Findings of the Study
“Our findings confirmed previous research that has shown that a high-fat meal impairs the ability of the blood vessels linked to heart health to open in both young and old participants,” Marley and Bailey wrote. “These impairments reduced the brain’s ability to buffer changes in blood pressure,” they added. “This was more pronounced (by about 10%) in the older adults, suggesting that older brains may be more vulnerable to the effects of the meal.” The pair noted that previous research has shown that meals high in saturated fat increase cell-damaging free radicals while decreasing nitric oxide, which helps relax blood vessels and supports the transport of oxygen and glucose throughout the body.
Recommendations for Saturated Fat Intake
That’s why the American Heart Association recommends limiting saturated fat to less than 6% of total daily calories. The American Heart Association (AHA) recommends limiting saturated fat to less than 6% of total daily calories. For someone who eats 2,000 calories a day, that means no more than 120 calories — or roughly 13 grams — should come from saturated fat. That limit is easy to exceed. Just one tablespoon of butter has about 7 grams of saturated fat, while two slices of bacon pack in roughly 3 grams.
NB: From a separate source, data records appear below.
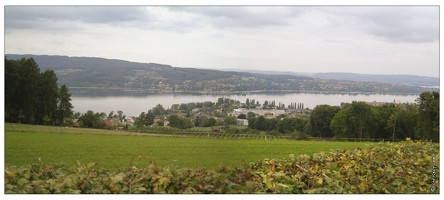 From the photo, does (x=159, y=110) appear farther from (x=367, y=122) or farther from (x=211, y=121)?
(x=367, y=122)

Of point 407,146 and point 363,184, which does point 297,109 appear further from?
point 407,146

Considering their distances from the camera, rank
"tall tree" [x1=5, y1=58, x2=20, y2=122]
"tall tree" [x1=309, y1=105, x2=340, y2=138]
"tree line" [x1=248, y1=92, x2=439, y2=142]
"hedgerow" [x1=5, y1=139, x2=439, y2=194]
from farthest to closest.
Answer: "tall tree" [x1=309, y1=105, x2=340, y2=138]
"tree line" [x1=248, y1=92, x2=439, y2=142]
"tall tree" [x1=5, y1=58, x2=20, y2=122]
"hedgerow" [x1=5, y1=139, x2=439, y2=194]

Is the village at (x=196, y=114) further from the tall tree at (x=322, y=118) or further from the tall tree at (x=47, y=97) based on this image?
the tall tree at (x=322, y=118)

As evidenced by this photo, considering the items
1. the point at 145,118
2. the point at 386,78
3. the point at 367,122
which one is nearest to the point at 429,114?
the point at 367,122

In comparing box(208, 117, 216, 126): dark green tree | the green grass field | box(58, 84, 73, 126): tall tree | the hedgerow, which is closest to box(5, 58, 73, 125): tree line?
box(58, 84, 73, 126): tall tree

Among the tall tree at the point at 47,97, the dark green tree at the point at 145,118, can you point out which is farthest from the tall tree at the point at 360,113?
the tall tree at the point at 47,97

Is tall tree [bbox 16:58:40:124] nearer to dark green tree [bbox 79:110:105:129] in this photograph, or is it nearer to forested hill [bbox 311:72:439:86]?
dark green tree [bbox 79:110:105:129] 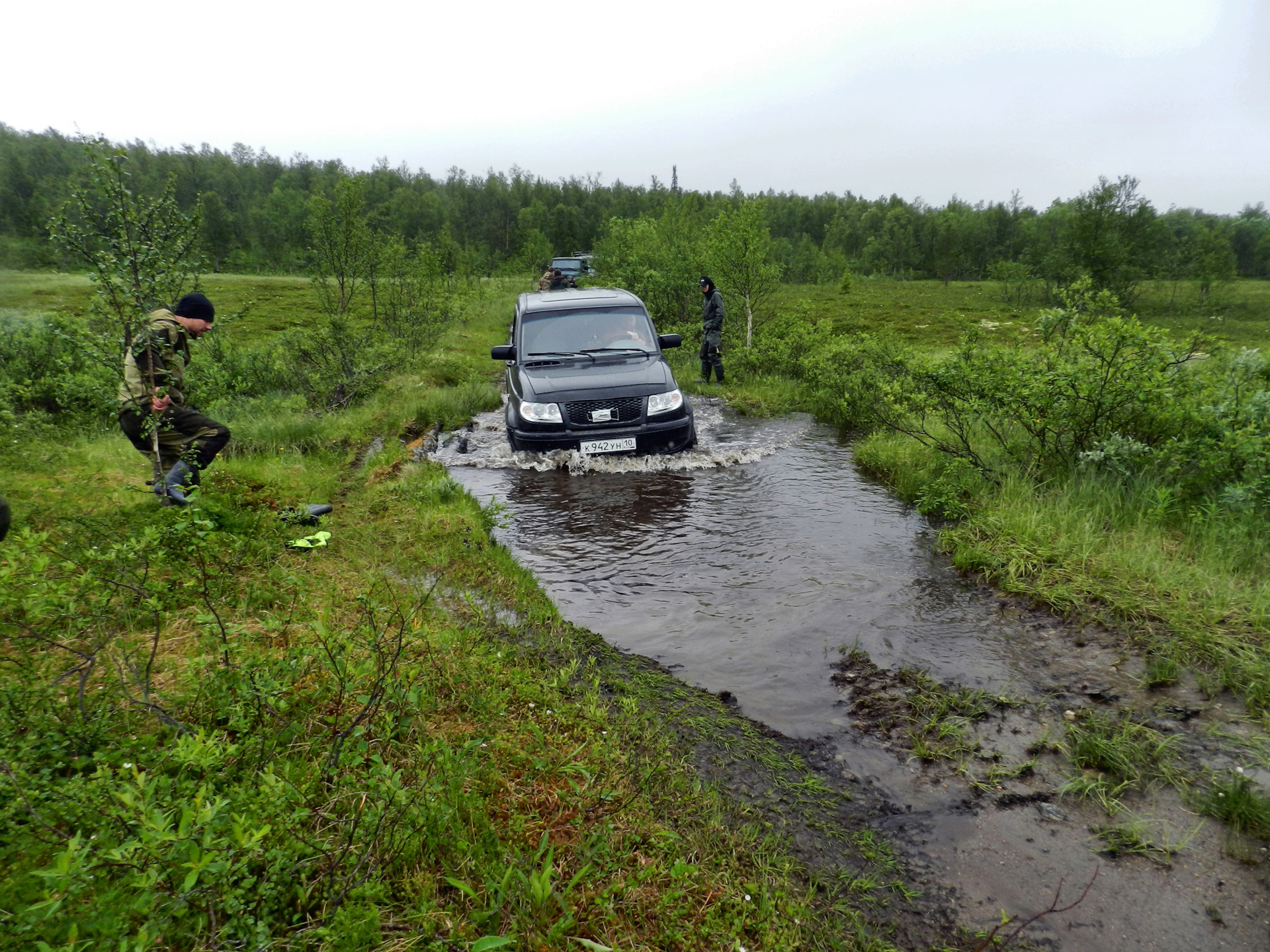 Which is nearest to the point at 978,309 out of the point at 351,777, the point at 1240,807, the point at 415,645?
the point at 1240,807

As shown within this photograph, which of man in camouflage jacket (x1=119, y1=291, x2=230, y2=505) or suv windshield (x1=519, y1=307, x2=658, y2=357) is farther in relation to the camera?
suv windshield (x1=519, y1=307, x2=658, y2=357)

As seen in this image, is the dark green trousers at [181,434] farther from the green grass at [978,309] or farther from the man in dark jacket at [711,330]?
the green grass at [978,309]

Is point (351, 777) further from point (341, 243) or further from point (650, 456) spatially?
point (341, 243)

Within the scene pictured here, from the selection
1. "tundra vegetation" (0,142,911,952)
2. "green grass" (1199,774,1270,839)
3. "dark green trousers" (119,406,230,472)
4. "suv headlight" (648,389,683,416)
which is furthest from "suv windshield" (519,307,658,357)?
"green grass" (1199,774,1270,839)

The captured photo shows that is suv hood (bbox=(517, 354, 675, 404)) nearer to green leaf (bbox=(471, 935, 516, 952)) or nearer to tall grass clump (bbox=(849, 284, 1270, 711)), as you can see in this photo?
tall grass clump (bbox=(849, 284, 1270, 711))

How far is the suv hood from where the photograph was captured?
805 cm

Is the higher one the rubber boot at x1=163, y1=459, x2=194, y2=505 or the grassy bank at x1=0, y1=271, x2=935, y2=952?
the rubber boot at x1=163, y1=459, x2=194, y2=505

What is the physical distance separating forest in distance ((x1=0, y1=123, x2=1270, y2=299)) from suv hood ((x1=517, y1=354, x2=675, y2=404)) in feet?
27.6

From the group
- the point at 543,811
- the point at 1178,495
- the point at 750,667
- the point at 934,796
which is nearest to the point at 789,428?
the point at 1178,495

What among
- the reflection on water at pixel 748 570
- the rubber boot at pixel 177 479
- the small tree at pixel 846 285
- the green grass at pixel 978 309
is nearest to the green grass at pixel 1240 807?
the reflection on water at pixel 748 570

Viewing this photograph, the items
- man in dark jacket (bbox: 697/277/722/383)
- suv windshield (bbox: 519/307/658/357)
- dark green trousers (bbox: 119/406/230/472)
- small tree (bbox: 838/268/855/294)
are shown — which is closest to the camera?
dark green trousers (bbox: 119/406/230/472)

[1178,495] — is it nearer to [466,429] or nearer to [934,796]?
[934,796]

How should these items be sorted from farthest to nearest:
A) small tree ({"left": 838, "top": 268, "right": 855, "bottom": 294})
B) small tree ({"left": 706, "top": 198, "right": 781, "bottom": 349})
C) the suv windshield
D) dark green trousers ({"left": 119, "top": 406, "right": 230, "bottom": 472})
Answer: small tree ({"left": 838, "top": 268, "right": 855, "bottom": 294})
small tree ({"left": 706, "top": 198, "right": 781, "bottom": 349})
the suv windshield
dark green trousers ({"left": 119, "top": 406, "right": 230, "bottom": 472})

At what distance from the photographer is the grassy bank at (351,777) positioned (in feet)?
5.97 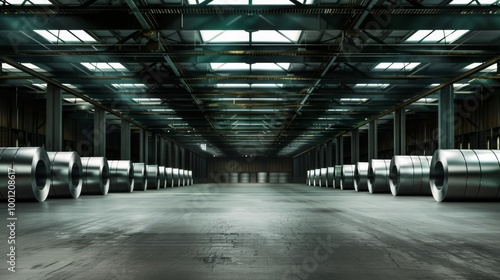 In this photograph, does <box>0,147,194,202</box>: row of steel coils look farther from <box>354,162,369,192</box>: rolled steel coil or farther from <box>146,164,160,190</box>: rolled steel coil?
<box>354,162,369,192</box>: rolled steel coil

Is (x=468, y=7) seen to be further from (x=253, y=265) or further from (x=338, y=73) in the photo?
(x=253, y=265)

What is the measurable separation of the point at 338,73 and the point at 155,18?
32.6ft

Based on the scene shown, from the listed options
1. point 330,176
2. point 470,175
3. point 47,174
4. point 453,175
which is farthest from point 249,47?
point 330,176

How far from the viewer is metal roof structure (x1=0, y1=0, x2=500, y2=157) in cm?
1348

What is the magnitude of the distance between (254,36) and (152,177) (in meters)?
20.7

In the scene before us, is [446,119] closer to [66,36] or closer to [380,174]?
[380,174]

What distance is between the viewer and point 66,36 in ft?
55.5

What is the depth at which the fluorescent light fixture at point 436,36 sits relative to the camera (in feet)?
54.2

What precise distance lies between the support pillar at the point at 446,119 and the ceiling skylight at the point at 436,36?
5.22 meters

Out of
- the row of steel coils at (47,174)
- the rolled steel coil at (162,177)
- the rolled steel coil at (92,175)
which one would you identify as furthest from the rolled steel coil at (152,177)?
the rolled steel coil at (92,175)

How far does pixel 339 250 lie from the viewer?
6531 mm

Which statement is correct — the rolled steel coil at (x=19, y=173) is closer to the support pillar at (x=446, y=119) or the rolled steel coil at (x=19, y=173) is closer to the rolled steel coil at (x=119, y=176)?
the rolled steel coil at (x=119, y=176)

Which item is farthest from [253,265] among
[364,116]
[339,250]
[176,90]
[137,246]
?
[364,116]

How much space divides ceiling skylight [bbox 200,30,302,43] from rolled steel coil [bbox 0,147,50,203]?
24.0 feet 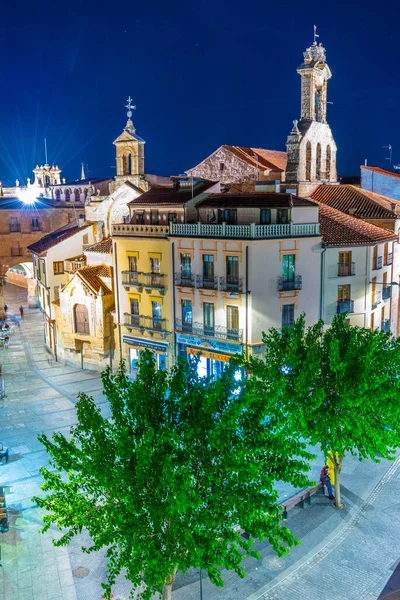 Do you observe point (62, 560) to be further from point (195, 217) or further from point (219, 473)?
point (195, 217)

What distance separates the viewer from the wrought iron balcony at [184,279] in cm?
3869

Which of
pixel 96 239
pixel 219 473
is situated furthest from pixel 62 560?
pixel 96 239

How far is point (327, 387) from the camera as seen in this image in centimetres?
2409

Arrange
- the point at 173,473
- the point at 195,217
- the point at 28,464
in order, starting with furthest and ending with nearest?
the point at 195,217
the point at 28,464
the point at 173,473

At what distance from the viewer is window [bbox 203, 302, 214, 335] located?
125 feet

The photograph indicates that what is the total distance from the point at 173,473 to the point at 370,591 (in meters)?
9.17

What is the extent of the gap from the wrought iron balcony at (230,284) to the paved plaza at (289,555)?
1092cm

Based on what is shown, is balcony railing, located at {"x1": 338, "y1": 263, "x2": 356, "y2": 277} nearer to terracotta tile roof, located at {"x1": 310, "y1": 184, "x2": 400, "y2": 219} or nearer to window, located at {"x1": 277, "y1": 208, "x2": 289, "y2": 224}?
window, located at {"x1": 277, "y1": 208, "x2": 289, "y2": 224}

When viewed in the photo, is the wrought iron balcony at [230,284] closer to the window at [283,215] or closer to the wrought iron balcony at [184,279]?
the wrought iron balcony at [184,279]

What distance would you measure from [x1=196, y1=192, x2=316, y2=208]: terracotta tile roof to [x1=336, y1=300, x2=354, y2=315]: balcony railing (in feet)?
22.1

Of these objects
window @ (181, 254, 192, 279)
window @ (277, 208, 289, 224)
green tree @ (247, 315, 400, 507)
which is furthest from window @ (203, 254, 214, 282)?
green tree @ (247, 315, 400, 507)

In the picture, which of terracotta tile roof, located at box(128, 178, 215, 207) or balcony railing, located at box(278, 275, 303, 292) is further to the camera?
terracotta tile roof, located at box(128, 178, 215, 207)

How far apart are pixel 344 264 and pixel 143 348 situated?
15088 millimetres

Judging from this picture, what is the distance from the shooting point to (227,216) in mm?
38406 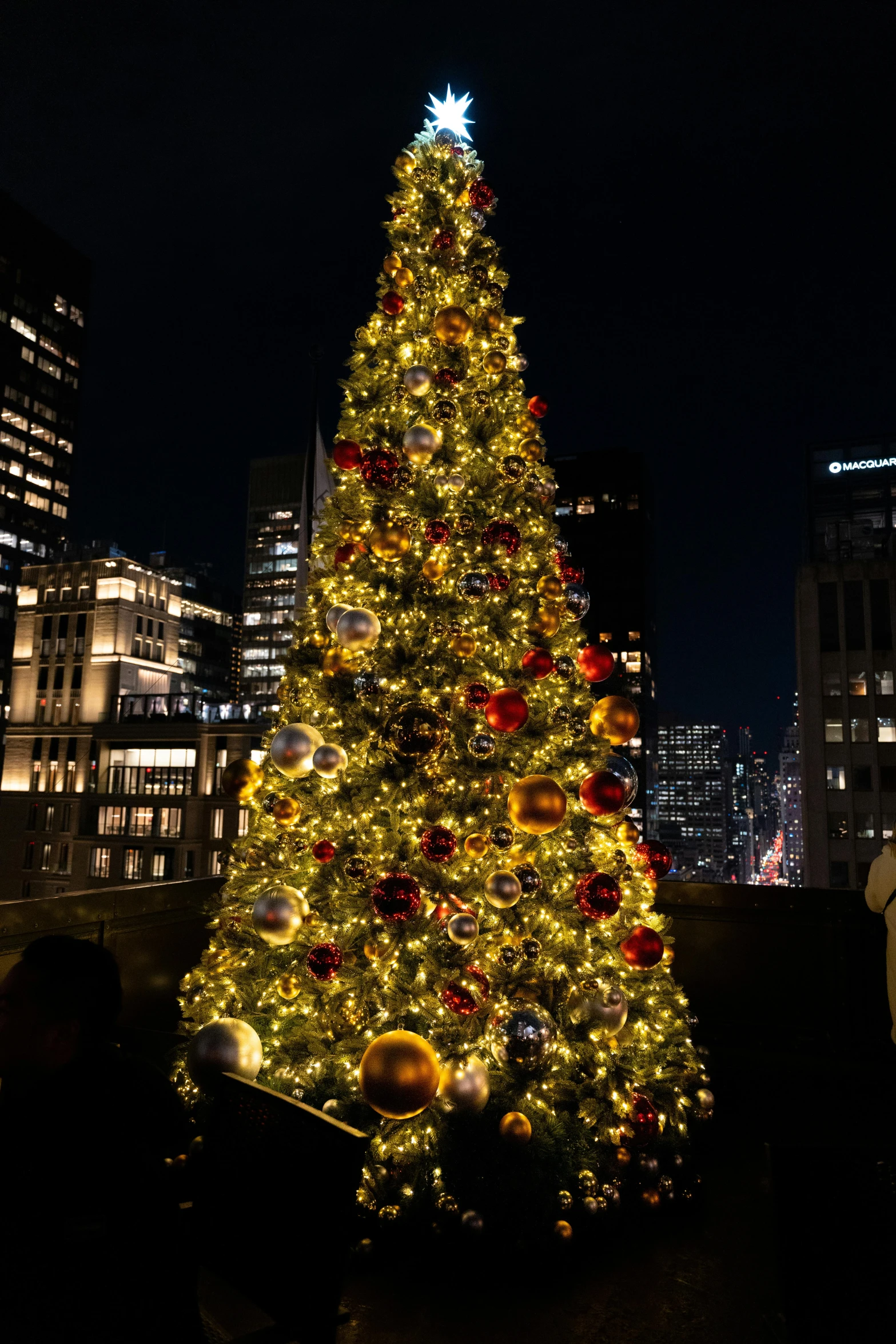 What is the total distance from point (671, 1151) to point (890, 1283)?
303cm

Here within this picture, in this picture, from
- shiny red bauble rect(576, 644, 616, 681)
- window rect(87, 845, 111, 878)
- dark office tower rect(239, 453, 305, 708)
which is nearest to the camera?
shiny red bauble rect(576, 644, 616, 681)

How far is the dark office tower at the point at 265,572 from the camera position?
4370 inches

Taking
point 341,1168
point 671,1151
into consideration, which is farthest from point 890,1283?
point 671,1151

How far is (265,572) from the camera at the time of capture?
114 metres

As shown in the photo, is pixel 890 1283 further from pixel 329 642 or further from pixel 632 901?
pixel 329 642

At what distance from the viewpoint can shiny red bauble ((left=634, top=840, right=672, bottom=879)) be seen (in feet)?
17.4

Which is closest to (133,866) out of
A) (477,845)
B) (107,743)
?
(107,743)

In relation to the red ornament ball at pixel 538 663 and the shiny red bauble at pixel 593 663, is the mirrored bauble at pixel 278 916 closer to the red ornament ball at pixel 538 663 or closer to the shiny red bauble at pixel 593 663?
the red ornament ball at pixel 538 663

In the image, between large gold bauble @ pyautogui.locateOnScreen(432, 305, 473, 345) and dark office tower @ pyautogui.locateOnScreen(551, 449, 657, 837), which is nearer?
large gold bauble @ pyautogui.locateOnScreen(432, 305, 473, 345)

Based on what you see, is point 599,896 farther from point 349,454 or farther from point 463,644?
point 349,454

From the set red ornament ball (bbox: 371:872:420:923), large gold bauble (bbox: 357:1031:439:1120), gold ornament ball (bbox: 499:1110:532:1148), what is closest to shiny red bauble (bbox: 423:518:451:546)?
red ornament ball (bbox: 371:872:420:923)

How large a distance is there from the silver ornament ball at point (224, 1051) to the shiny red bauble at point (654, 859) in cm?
281

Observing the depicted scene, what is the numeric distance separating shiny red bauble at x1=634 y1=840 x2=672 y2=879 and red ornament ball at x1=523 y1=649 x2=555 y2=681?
152 cm

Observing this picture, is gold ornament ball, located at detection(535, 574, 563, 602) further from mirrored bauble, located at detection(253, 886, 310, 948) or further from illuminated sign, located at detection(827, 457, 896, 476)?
illuminated sign, located at detection(827, 457, 896, 476) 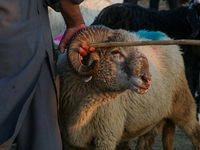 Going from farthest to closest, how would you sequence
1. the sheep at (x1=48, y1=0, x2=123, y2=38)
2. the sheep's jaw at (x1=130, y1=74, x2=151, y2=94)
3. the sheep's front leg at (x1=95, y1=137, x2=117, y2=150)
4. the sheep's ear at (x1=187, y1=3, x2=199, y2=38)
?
the sheep at (x1=48, y1=0, x2=123, y2=38)
the sheep's ear at (x1=187, y1=3, x2=199, y2=38)
the sheep's front leg at (x1=95, y1=137, x2=117, y2=150)
the sheep's jaw at (x1=130, y1=74, x2=151, y2=94)

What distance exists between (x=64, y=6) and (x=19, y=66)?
0.53 m

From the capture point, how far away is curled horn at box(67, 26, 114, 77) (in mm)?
2168

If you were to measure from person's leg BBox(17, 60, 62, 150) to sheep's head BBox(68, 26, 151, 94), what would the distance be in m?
0.30

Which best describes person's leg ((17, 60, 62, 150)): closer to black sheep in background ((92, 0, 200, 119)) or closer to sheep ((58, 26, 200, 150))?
sheep ((58, 26, 200, 150))

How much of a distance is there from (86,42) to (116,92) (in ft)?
1.46

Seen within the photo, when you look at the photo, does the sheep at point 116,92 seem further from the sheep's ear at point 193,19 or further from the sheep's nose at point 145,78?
the sheep's ear at point 193,19

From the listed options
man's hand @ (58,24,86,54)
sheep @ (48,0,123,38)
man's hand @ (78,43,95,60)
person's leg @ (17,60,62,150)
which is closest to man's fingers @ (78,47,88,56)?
man's hand @ (78,43,95,60)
Trading Saturated Fats for Polyunsaturated Ones
Experts recommend trading saturated fats for polyunsaturated ones, like those found in oily fish, walnuts, seeds, avocado and olive oil, which have been linked to a reduced risk of heart disease. Still, Marley and Bailey caution that they do not know how the brain responds to meals high in polyunsaturated fat. They also acknowledged that one of the primary limitations of their study is that it doesn’t account for how the female brain responds to a meal high in saturated fat. “This is a crucial gap in our knowledge since women face a greater risk of stroke and dementia in later life compared to men,” they said.
Conclusion
They are nevertheless hopeful their findings will illustrate how important proper nutrition is in the immediate and long term. “Our study offers a timely reminder that diet doesn’t just shape our long-term health. It also affects our body and brain in real time,” they wrote.
FAQs
Q: What are the effects of consuming a meal high in saturated fat?
A: Consuming a meal high in saturated fat can impair blood flow to the brain, increasing the risk of stroke and dementia.
Q: How much saturated fat should we consume daily?
A: The American Heart Association recommends limiting saturated fat to less than 6% of total daily calories.
Q: What are some examples of polyunsaturated fats?
A: Polyunsaturated fats can be found in oily fish, walnuts, seeds, avocado, and olive oil.
Q: Why is it important to trade saturated fats for polyunsaturated ones?
A: Trading saturated fats for polyunsaturated ones can reduce the risk of heart disease.
Q: What is the limitation of the study?
A: The study does not account for how the female brain responds to a meal high in saturated fat.